No pude contradecirla, tenía razón. Siempre encuentro el camino en los más caóticos entramados urbanos. Y tampoco me pierdo en el bosque o en el campo.

– Bueno, quizá lo encuentre, si me esfuerzo un poco por recordar. Es sólo que no comprendo por qué.

– ¿Quieres saber por qué deseo ver esa laguna?

De repente, su voz adoptó otro timbre.

– Sí -confesé-. Quisiera saberlo.

– Porque es la promesa más hermosa que me han hecho en la vida.

– ¿La más hermosa?

– La única verdaderamente hermosa.

Ésas fueron sus palabras textuales. La única promesa verdaderamente hermosa. Fueron palabras importantes. Y yo sentí como si, con ellas, una gran orquesta hubiese empezado a tocar en mi cabeza. Allí estaba yo, en medio de todos los instrumentos, los arcos a mi lado y los de viento detrás de mí.

– A uno le hacen promesas sin cesar -prosiguió ella-. Nos hacemos promesas a nosotros mismos. Escuchamos las promesas de los demás. Los políticos nos hablan de una vida mejor para los que envejecen, de una sanidad donde nadie sufra en la espera. Los bancos nos prometen mejores intereses, los alimentos nos prometen mejor línea y las cremas nos garantizan una vejez con menos arrugas. La vida no consiste más que en navegar en nuestra pequeña embarcación cruzando un mar de promesas siempre cambiantes pero inagotables. ¿Cuántas de esas promesas recordamos? Olvidamos lo que queremos recordar y solemos recordar aquello de lo que más deseamos librarnos. Las promesas no cumplidas son como sombras que danzan a nuestro alrededor en el ocaso. Cuanto más me acerco a la vejez, más claras las veo. La promesa más hermosa de toda mi vida fue la que me hiciste al prometerme esa laguna. Quiero verla y soñar que nado en sus aguas antes de que sea demasiado tarde.

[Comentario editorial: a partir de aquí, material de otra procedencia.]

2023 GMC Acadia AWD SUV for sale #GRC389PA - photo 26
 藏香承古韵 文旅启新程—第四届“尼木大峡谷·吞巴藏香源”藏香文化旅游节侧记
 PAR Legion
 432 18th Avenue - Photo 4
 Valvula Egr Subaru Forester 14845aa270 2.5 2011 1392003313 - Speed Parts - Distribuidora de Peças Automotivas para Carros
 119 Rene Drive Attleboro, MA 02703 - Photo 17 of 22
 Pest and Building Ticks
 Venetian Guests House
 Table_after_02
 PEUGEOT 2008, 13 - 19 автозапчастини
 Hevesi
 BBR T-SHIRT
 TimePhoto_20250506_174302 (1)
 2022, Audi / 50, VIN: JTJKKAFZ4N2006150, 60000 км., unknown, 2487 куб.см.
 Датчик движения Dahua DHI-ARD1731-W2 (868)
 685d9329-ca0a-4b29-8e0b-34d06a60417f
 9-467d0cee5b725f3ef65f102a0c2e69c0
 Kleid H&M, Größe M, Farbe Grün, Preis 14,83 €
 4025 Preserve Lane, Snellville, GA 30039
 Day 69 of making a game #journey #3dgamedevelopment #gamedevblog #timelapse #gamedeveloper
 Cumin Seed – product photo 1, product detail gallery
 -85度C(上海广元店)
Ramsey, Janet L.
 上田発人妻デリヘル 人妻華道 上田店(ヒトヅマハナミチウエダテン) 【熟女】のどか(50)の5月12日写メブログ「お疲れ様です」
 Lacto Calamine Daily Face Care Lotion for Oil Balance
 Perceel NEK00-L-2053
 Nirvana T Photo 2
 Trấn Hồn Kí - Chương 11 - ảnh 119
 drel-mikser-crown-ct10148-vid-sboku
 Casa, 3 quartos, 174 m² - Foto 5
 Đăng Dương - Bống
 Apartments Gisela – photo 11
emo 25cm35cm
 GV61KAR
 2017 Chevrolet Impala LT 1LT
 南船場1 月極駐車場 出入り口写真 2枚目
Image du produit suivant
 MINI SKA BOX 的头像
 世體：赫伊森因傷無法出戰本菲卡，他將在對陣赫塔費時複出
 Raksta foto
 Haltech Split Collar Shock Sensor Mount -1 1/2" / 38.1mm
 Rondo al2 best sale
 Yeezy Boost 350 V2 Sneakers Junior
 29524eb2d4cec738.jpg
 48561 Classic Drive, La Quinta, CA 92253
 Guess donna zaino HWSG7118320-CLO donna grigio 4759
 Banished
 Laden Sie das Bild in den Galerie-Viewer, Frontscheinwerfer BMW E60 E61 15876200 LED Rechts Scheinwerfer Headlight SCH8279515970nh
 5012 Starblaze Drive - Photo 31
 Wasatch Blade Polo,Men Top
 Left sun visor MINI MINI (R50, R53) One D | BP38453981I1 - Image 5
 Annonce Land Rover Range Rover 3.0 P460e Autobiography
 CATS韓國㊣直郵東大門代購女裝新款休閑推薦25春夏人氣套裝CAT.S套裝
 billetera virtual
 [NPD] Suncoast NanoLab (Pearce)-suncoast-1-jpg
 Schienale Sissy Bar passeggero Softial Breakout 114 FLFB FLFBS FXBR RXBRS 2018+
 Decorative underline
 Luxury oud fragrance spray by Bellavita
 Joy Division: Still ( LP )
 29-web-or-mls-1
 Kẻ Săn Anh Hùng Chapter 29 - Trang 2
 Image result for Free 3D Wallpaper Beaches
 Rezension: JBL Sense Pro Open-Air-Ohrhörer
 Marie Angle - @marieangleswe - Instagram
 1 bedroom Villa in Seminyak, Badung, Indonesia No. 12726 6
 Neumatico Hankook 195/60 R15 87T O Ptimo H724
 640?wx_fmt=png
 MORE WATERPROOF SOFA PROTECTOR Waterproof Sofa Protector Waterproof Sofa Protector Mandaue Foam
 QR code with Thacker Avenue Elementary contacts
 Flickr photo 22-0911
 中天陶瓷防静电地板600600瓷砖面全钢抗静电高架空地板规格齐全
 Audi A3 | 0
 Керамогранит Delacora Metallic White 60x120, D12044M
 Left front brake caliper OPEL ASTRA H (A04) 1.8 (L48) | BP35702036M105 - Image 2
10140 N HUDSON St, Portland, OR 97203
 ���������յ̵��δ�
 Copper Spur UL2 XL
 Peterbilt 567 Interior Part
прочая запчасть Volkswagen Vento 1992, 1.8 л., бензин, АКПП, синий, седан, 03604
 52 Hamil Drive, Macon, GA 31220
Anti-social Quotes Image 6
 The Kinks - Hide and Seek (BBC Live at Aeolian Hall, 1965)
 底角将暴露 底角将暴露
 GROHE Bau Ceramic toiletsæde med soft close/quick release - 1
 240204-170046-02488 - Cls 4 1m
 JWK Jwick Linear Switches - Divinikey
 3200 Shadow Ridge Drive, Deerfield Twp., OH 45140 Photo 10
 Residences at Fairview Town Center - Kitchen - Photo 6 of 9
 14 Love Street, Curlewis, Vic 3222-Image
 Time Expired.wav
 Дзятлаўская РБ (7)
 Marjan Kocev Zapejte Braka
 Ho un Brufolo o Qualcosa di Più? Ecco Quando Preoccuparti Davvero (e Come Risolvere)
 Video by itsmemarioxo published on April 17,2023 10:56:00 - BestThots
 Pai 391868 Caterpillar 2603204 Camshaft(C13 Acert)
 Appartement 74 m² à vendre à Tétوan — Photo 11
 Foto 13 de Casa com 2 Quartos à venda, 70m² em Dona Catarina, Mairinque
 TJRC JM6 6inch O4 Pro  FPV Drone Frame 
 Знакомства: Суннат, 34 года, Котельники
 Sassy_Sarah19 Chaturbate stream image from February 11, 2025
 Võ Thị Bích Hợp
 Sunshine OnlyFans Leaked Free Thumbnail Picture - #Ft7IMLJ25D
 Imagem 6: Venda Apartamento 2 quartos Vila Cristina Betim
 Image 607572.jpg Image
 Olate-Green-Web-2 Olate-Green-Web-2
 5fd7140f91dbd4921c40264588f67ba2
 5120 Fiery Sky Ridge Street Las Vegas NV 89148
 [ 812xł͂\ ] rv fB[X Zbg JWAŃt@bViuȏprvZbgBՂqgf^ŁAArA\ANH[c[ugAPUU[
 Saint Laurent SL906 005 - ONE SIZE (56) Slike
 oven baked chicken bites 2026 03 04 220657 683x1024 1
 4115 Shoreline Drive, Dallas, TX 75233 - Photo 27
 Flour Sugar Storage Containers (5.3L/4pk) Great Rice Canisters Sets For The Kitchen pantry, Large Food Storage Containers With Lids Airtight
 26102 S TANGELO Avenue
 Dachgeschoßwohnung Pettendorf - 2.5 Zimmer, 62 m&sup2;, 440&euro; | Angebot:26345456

Comprendí que no me quedaría más remedio que llevarla a la laguna. Lo único que podría evitar, quizás, era que partiésemos en medio del invierno. Pero tal vez ella no se atreviese a esperar hasta la primavera, por su enfermedad.

Pensé que debía decirle la verdad, que sabía que estaba enferma. Pero no lo hice.

– ¿Comprendes lo que quiero decir, lo de todas esas promesas que nos rodean a lo largo de nuestra vida?

– He intentado evitar dejarme engatusar por las promesas. Si lo haces, es fácil que te engañen.

Harriet puso su mano sobre la mía.

– Hubo un tiempo en que sabía quién eras. Paseábamos por las calles de Estocolmo. Cuando, en mis recuerdos, caminamos por allí, siempre es primavera. Apenas si puedo evocar un día de oscuridad o de lluvia. El hombre que iba entonces a mi lado no es la misma persona que ahora tengo ante mí. Aquel hombre podía convertirse en cualquier cosa, salvo en un viejo solitario que vive en una isla remota.

Su mano seguía posada sobre la mía. Yo intenté no tocarla.

– Y tú, ¿recuerdas algún tipo de oscuridad? -quiso saber Harriet.

– No. Siempre había claridad.

– No sé lo que pasó.

– Yo tampoco.

Harriet me apretó la mano.

– No tienes por qué mentirme. Por supuesto que lo sabes. Me causaste una pena infinita. Creo que aún no lo he superado. ¿Quieres saber cómo me sentí?

No le contesté. Ella retiró la mano y echó la cabeza hacia atrás en el sofá.

– Lo único que quiero es que cumplas tu promesa. Tendrás que dejar la isla por unos días. Después, podrás volver y no te molestaré más.